Hi Ladybug and Welcome to the EU forum. We’re very glad you found us and look forward to getting to know you. You sound like a very passionate and compassionate person; what a wonderful combination! And I’m so very excited for the things you’ll see as you continue your study of scripture now that you’ve been exposed to the UR perspective. About 3 years ago I came to have faith in Jesus for the salvation of everyone, for Jesus to make all things right, for God to, well, love the hell out of everyone! And I am more convinced everyday of His love for everyone and His sovereignty over everything. And love never fails.

UR has freed me to just love people, to stop judging people, and to stop being negative towards others who believe or live differently than I do. And I see more clearly every day how practically loving God and people is far more important that just what we profess to believe. On the other side of things though, the judgment passages just scare the hell out of me - which is what I think they were suppose to do, to call believers to repentance, to a life of practically loving people, not just in word but in deed.

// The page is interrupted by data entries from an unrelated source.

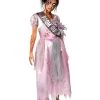 Rubies Womens Zombie Prom Queen Adult Halloween Costume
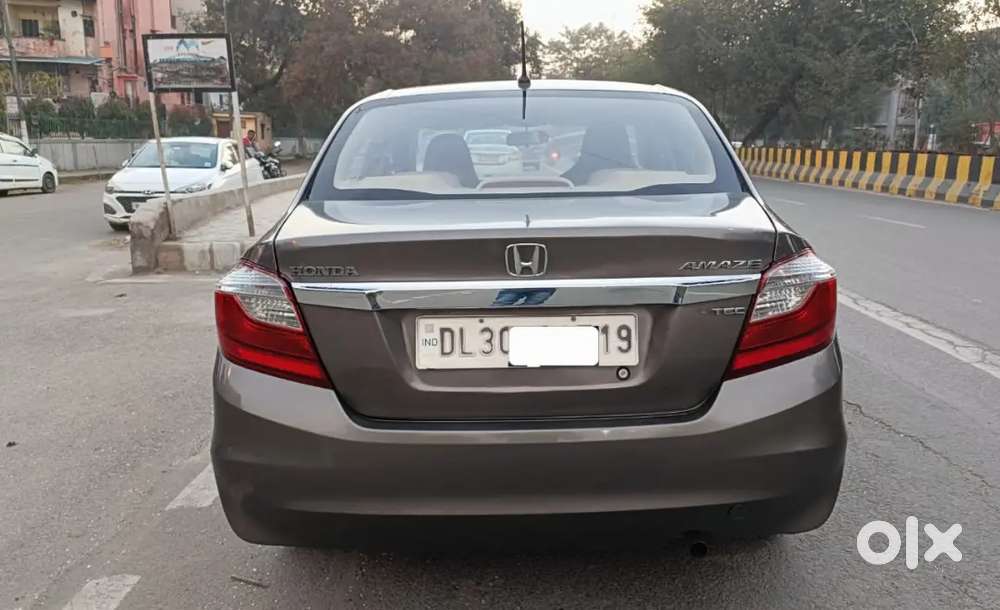 Honda Amaze Smt 2016 December, Cng On Paper
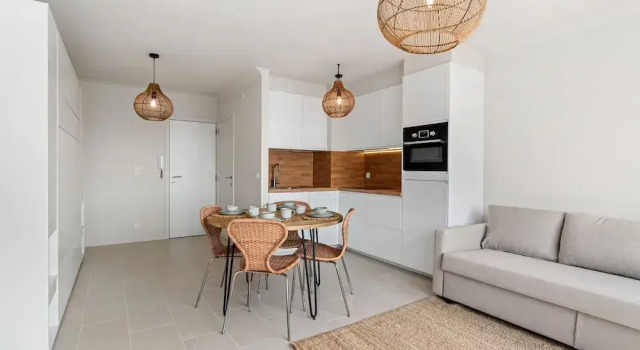 Studio Located on the 3nd Floor, Prenota Hotel Hotel a Flanders con parcheggio, Parcheggio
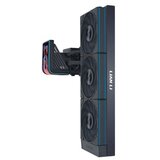 Lian Li Komplet za tekočinsko hlajenje AIO Liquid Cooler HydroShift II OLED Curved 360 P28 V2, črn | Shoptok.si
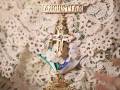  La Corona de 1971 vuelve a presidir la estampa de la Virgen de las Angustias de Alcalá del Río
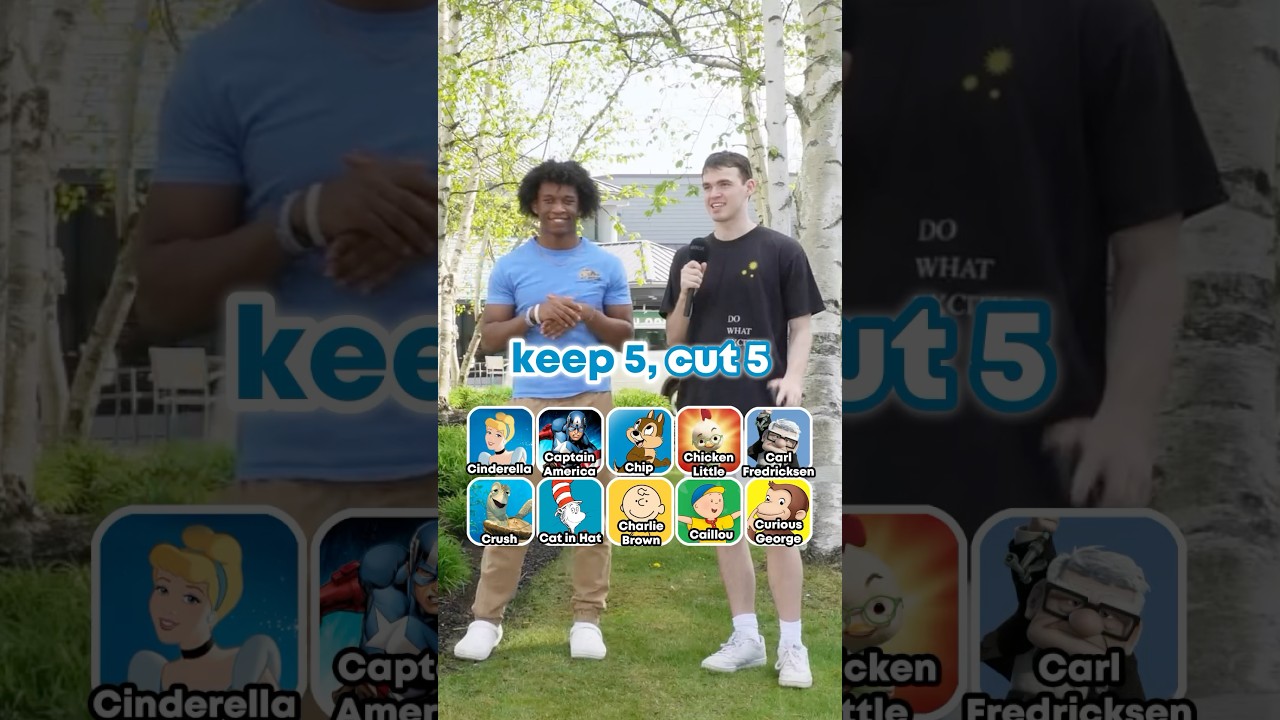 Keep 5, Cut 5!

I’m so very glad that you have such a tremendous love for your parents. And I trust that truly one day Every Knee Shall Bow in worship and Every Tongue Confess that Jesus is Lord! And this certainly includes your parents and mine! Hallelujah. Just go and love the hell out of them! I can’t save anyone, but by God’s grace and the empowering of His Spirit I can sure love them with all that is in me! So be encouraged and filled with faith in God that He will fulfill all that He has said and reconcile all to Himself!

Blessings,
Sherman

Lady {bow!},

Don’t let anyone bully you in regard to justice: justice is the fulfillment of love. If fair-togetherness between persons isn’t the goal, it isn’t justice; and if true love is never accomplished between persons then there is final injustice instead. God, Who is essentially love (and justice), doesn’t stop loving people (even if there has to be some punishment), and won’t be satisfied with final injustice, much less aims at final injustice from the beginning.

There are legitimate big-picture issues where we aren’t omniscient and cannot yet see sometimes how things are going to work out or why things are the way they currently are, but you don’t have to accept people appealing to that in order to paper over a gaping black hole of injustice in their theologies.

Paul in one of his epistles tells his readers not to worry ourselves about our beloved ones, but to trust God to save them from their sins. There would be no point for him to console his readers like that unless we can in fact trust God to save those we love from their sins. Arminians and Calvinists both affirm that trust in important ways, and both undermine and deny that trust where each other affirms it. :angry: Trust God to keep on for everyone until He brings us all to righteousness, however long it takes, and keep an eye out for ways to help with that yourself. :slight_smile:

(I find it more difficult to believe God will save those I hate from their sins! :wink: But then I’m the one being the ungracious sinner.)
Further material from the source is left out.